Figure 4:
Comparison of different methods of mapping hotspots and coldspots on chromosome III.
a. Summary of hybridization ratios using microarrays for all chromosome III ORFs. These data were based on yeast strains FX4 and FX6, except for the HIS4 locus for which only the FX6 data were used. Each ORF was assigned the median hybridization ratio of the seven microarrays and we graphed the log function of this value. The 182 ORFs represented in the analysis (left to right on the X axis) are (inclusive SGD numbering system): YCL076W-YCL073C, YCL069W-YCL016C, YCL014W-YCL001W, YCR001W-YCR020C, YCR020C-A, YCR021C-YCR024C, YCR024C-A, YCR025C-YCR029C, YCR029C-A, YCR030C-YCR077C, YCR079W-YCR097WA, YCR097WB-YCR107W. The hotspot labels correspond to those listed in Table 1.
b. Summary of data of Baudat and Nicolas (13). These researchers monitored DSBs in an SK1 derivative by Southern analysis.
c. Analysis of hotspots in an SK1 derivative using DNA from immunoprecipitated Spo11p/HA-DNA complexes as a probe of nylon filters containing chromosome III ORFs.
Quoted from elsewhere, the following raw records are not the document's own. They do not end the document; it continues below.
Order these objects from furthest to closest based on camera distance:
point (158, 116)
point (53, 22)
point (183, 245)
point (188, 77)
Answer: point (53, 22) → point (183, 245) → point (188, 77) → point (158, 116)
The Y-axis shows the log of the average normalized ratio of hybridization (DSB-enriched probe/total genomic DNA probe). Gaps on the X-axis reflect ORFs that were not present on the nylon filters.
d. Analysis of hotspots in FX6 using macroarrays. In this experiment, the probe was prepared by the method used in Fig. 4a.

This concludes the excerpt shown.